> **Assignment**
Skip the pictures and write out, word for word, the lines below from the one with "Ramli Jasmine Rice Bag" through the one with "Short sleeve kids dress", inclusive.

━━━━━━━━━━━━━━━━

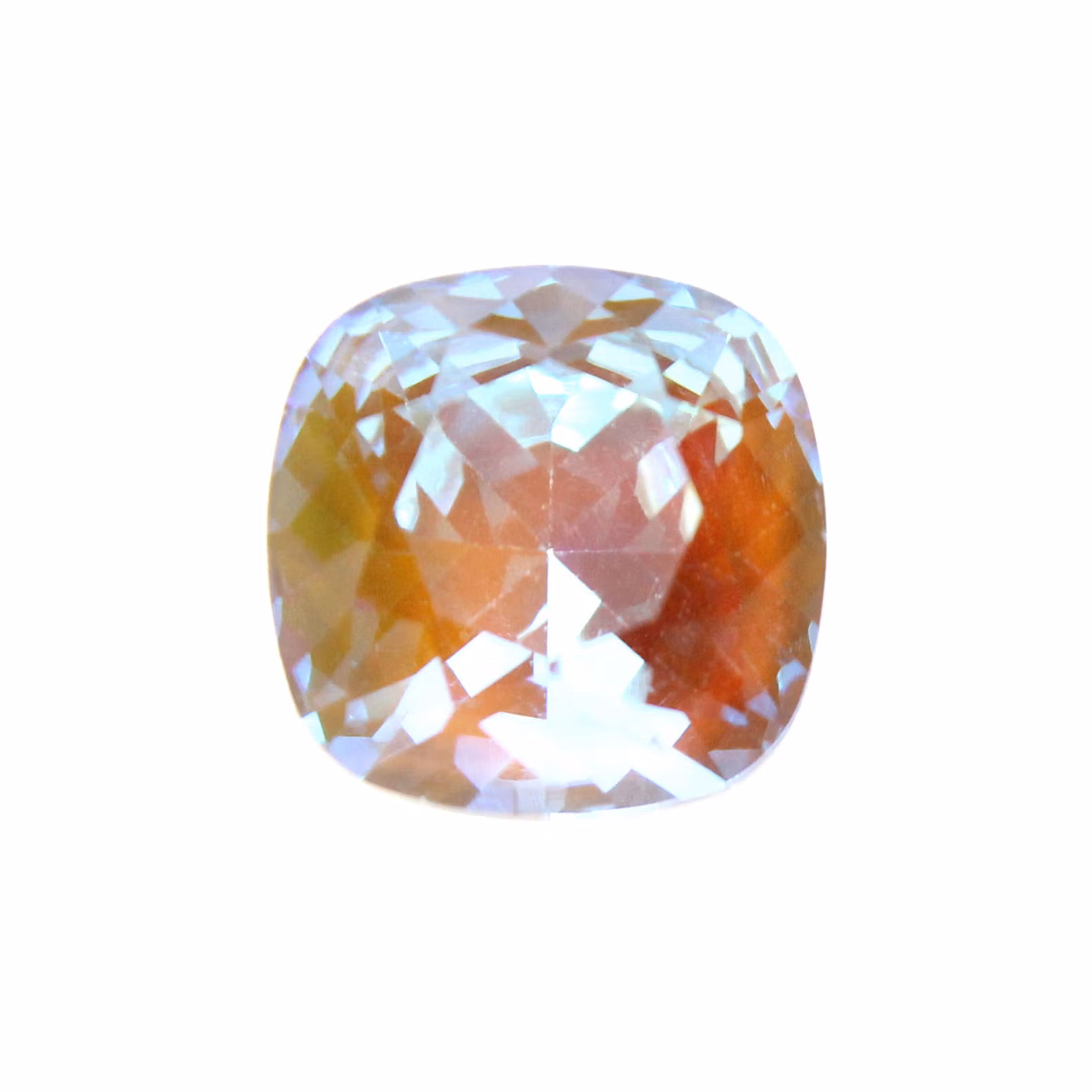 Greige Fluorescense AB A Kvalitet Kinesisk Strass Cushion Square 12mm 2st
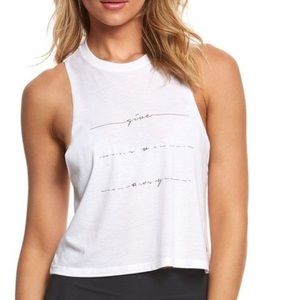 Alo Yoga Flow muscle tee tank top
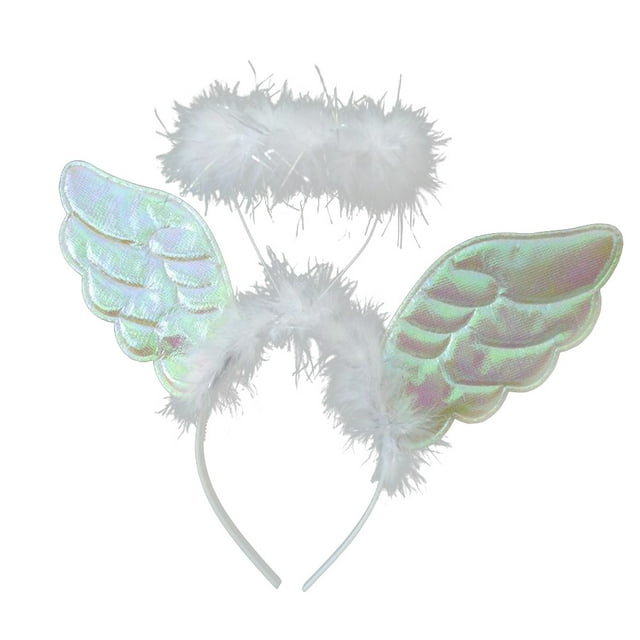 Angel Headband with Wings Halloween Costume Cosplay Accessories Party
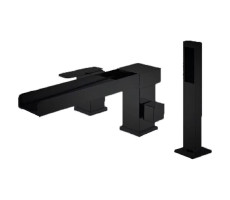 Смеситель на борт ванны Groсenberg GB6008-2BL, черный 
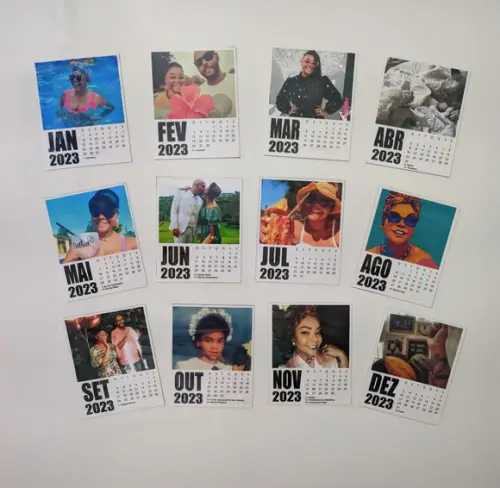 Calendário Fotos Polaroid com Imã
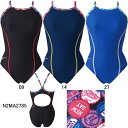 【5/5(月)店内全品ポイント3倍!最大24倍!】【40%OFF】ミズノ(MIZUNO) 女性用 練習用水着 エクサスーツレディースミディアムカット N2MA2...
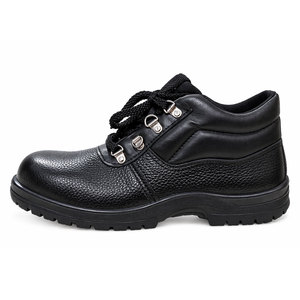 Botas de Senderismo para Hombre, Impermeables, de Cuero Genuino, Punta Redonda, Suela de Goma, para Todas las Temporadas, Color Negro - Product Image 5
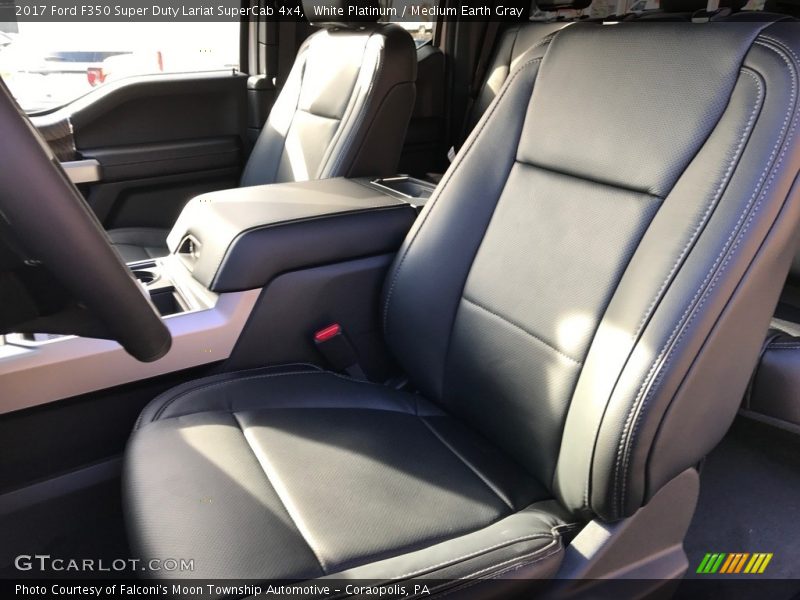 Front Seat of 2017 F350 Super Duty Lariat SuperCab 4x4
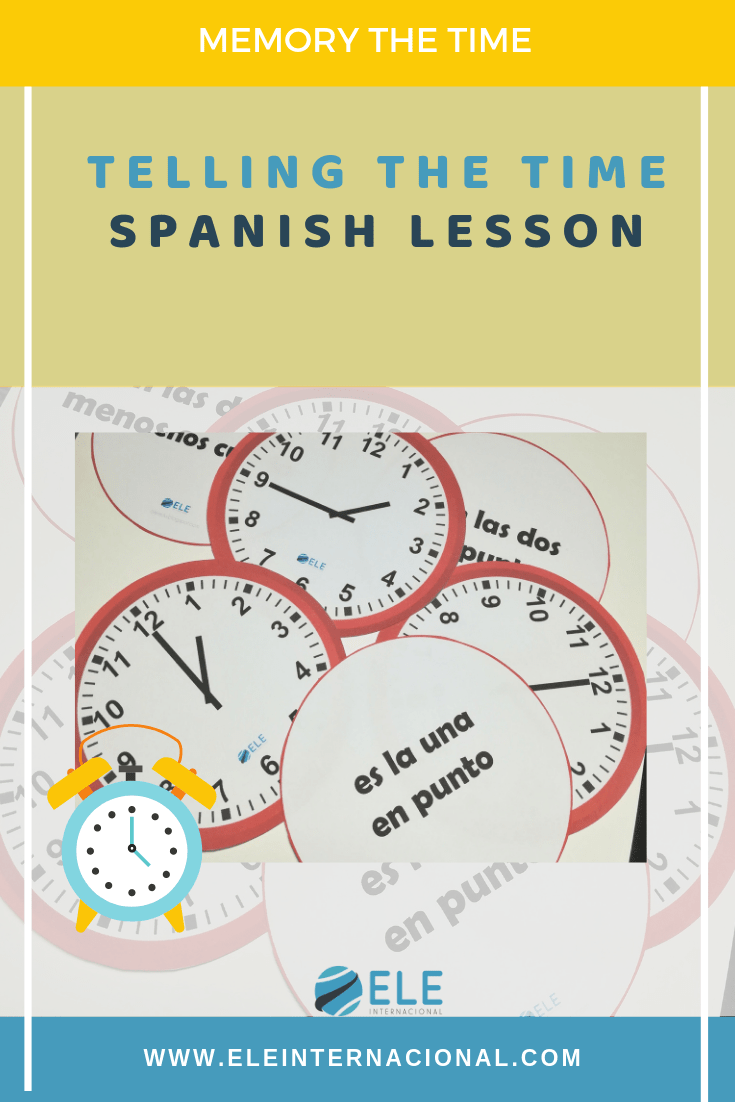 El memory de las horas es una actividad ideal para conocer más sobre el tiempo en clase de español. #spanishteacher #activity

━━━━━━━━━━━━━━━━

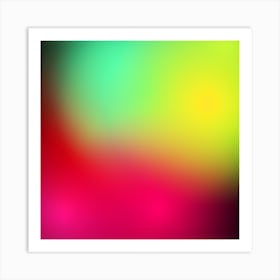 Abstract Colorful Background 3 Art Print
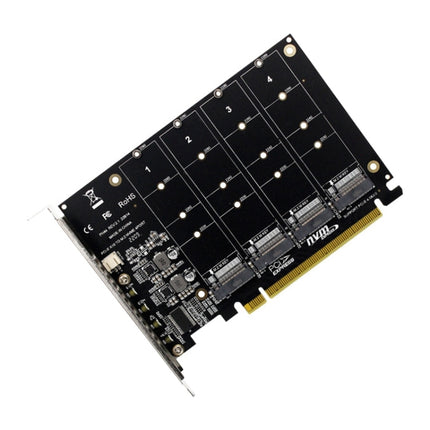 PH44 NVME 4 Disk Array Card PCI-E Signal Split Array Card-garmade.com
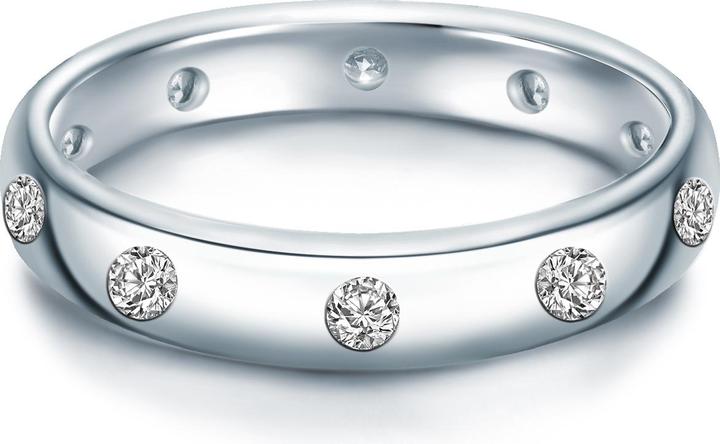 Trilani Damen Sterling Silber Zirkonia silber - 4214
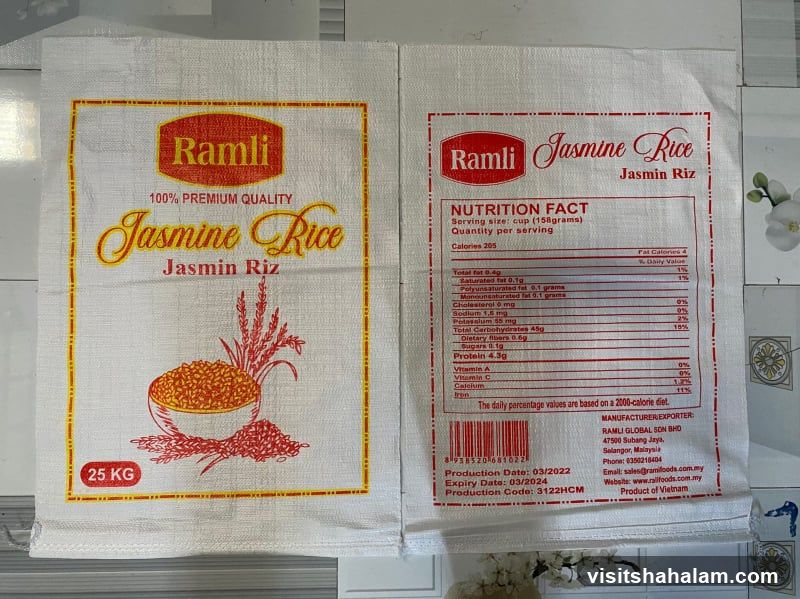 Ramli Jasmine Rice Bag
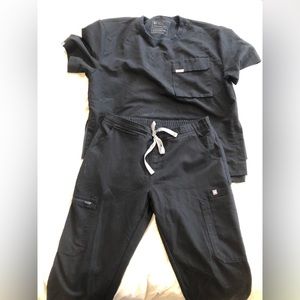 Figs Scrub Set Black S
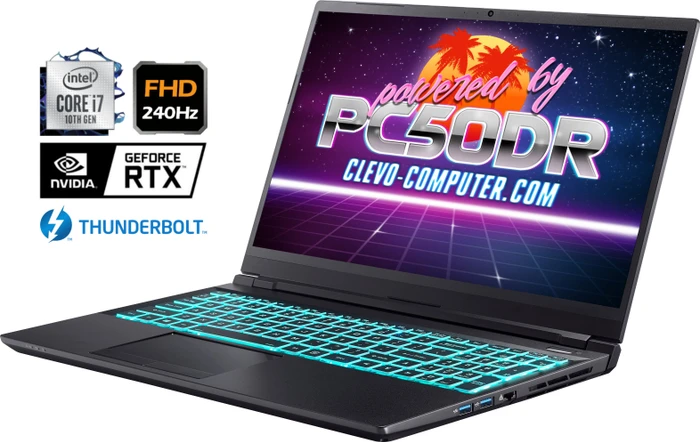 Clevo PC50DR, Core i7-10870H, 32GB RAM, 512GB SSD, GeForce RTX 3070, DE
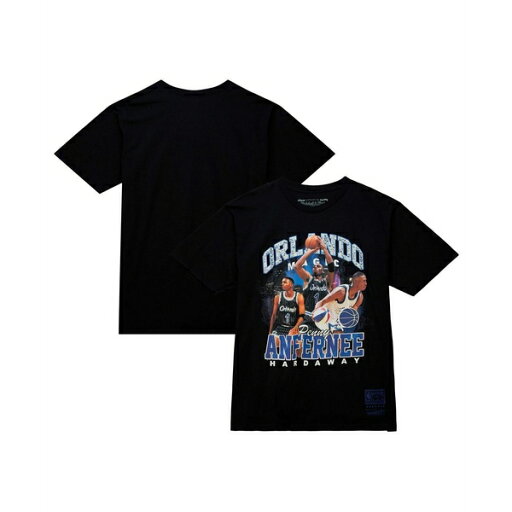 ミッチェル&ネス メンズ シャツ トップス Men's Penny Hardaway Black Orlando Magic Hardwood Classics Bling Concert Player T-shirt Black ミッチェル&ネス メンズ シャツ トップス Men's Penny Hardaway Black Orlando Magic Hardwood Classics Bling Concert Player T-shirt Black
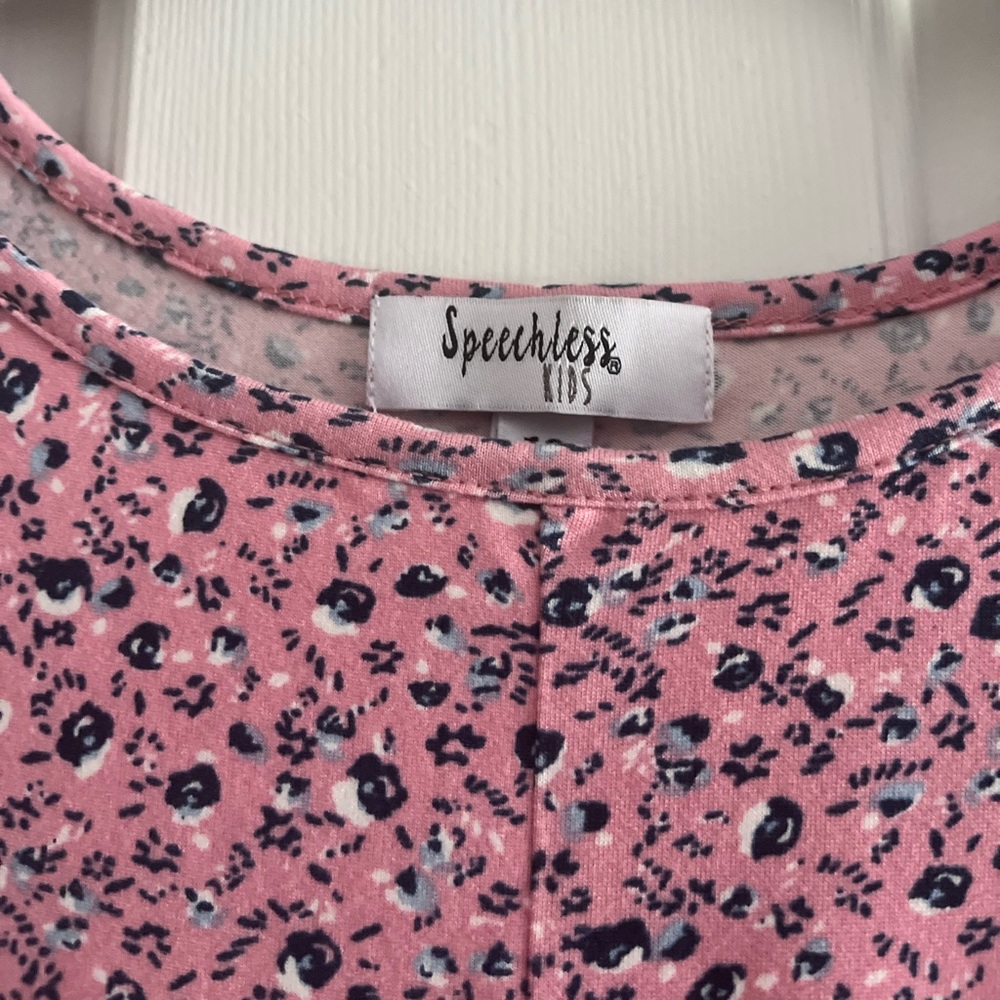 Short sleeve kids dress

━━━━━━━━━━━━━━━━

> **Finished task**
 Ramli Jasmine Rice Bag
 Figs Scrub Set Black S
 Clevo PC50DR, Core i7-10870H, 32GB RAM, 512GB SSD, GeForce RTX 3070, DE
 ミッチェル&ネス メンズ シャツ トップス Men's Penny Hardaway Black Orlando Magic Hardwood Classics Bling Concert Player T-shirt Black ミッチェル&ネス メンズ シャツ トップス Men's Penny Hardaway Black Orlando Magic Hardwood Classics Bling Concert Player T-shirt Black
 Short sleeve kids dress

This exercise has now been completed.